Today’s post is certainly about life stuff, especially if you are a parent, but simple, it is not. Or at least it is not simple to this mama who OVER analyzes everything. Let me give you a little a lot of background.
N has a weather project due for his 2nd grade class on Thursday. He has to display the information and give a presentation. He chose hurricanes. He could not wait to get started. He worked on this project for several days with the guidance of his “project loving” dad. He taught N the finer points of how to do all the prep work. Of course, the whole time, N just wanted to get to the creative part. The hubs taught N how to gather and write down information from his sources (books and the web). He then proceeded to instruct him on how to write the information on its own Post- it. N then placed the Post-its on the wall in the order in which he thought made the most sense.
So far, so good. To make a somewhat long story short, we printed out photos to place on the display board. I typed the information N wanted to go along with his pictures on the board based on the now infamous Post-it notes. We organized the pictures and information, and we glued. N is still excited at this point.

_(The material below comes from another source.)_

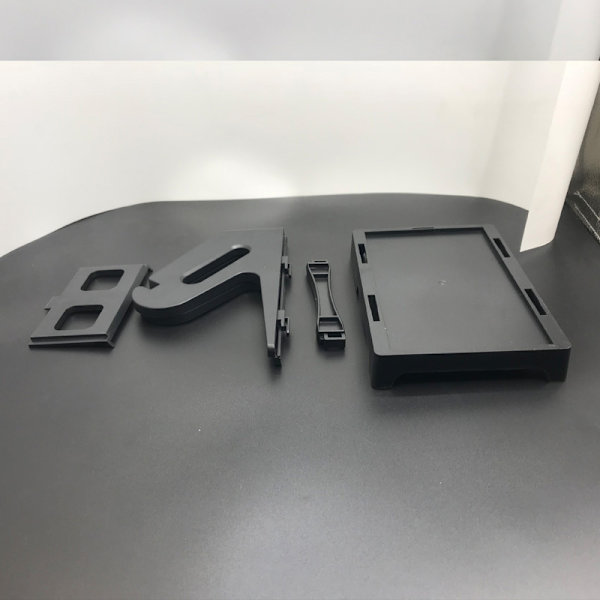 Etiket Holder Eksternt Tilbehør Printer Holder Velegnet til Fan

Then last night, it is time for N to use his oil pastels to put the title at the top of the display board (Hurricanes: Wild Waves and Wicked Winds). Great title, yes? I leave him to his own devices because after all, it is HIS project. OK, here is where we are now:
Of course, as a perfectionist, my brain is, “What the Hell? The word Hurricanes should take front stage.” “Why is Hurricanes just crammed on there and bleeding over into your typed text?” “Why is it not capitalized?” As a parent, I take a deep breath and I tell him that, “I really like the big, blocked letters, and the colors and that the title is perfect.” Then, I have to be honest with him and give him the dreaded BUT, “Honey, the word hurricanes should have been first and the biggest word.” “After all, your whole project is about hurricanes.” He agreed with me, but got that discouraged look on his face and professed that he no longer was excited about the project because he messed it up. My brain starts churning and my heart hurts just a bit.

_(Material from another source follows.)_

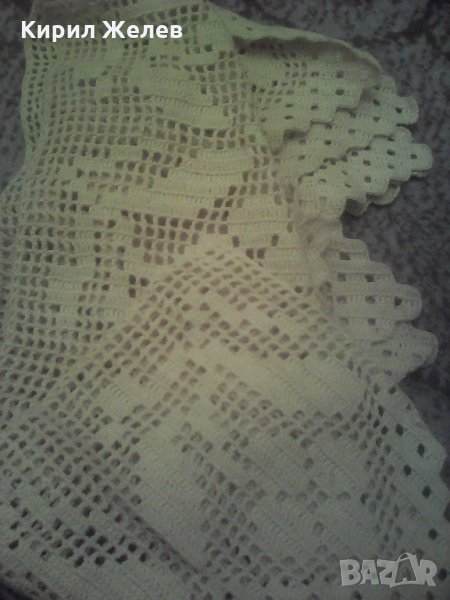 Плетена дантела 4258 2 м , снимка 1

This project reminds me of something I grapple with daily. To praise no matter what or tell the truth? Child Psychologists tell us to praise, praise, praise or kids will be discouraged, depressed, feel like a failure, scared to try new things, have low self-esteem. But what about honesty and teaching life lessons? We don’t always get it right the first time. If it is worth doing, it is worth doing right. No one is perfect. Everyone makes mistakes. We just try very hard not to make the same mistake twice. If we don’t teach them these lessons, life will slap them in the face one day.

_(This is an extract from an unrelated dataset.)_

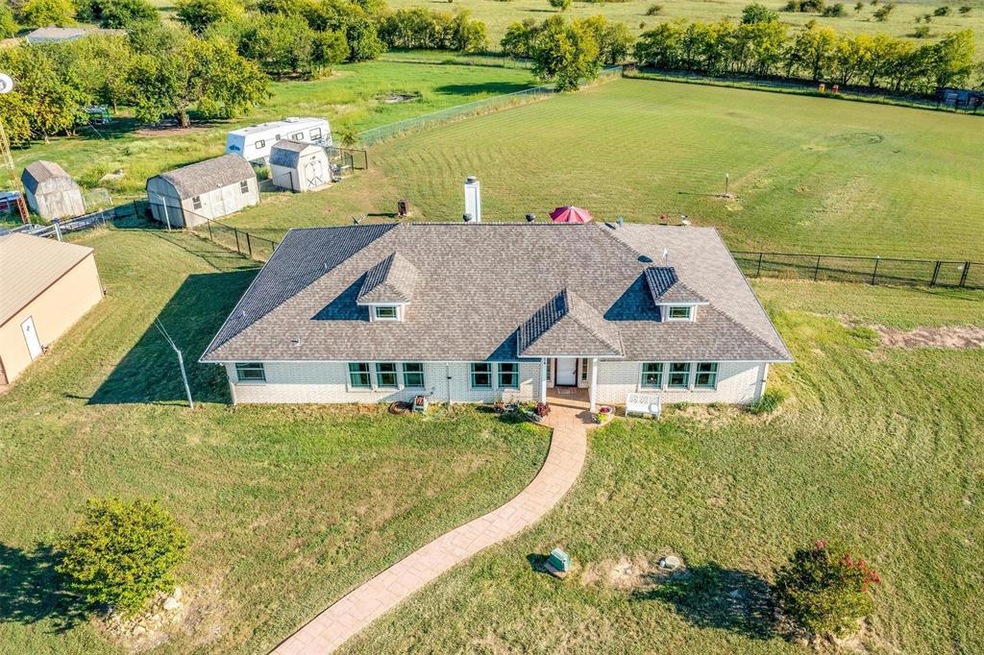 154 Private Road 4441, Rhome, TX 76078 - photo 1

Do you always praise your child to boost their egos and self-esteem and to keep them motivated and willing to take chances? Do you give them the praise even though they haven’t earned it? Or do you teach them important life lessons and tell them the truth? As a parent, I would like to strike a balance.
So, do I cover part of the title, the messed up part, with white paper and have him try again, or not cover it and leave it alone?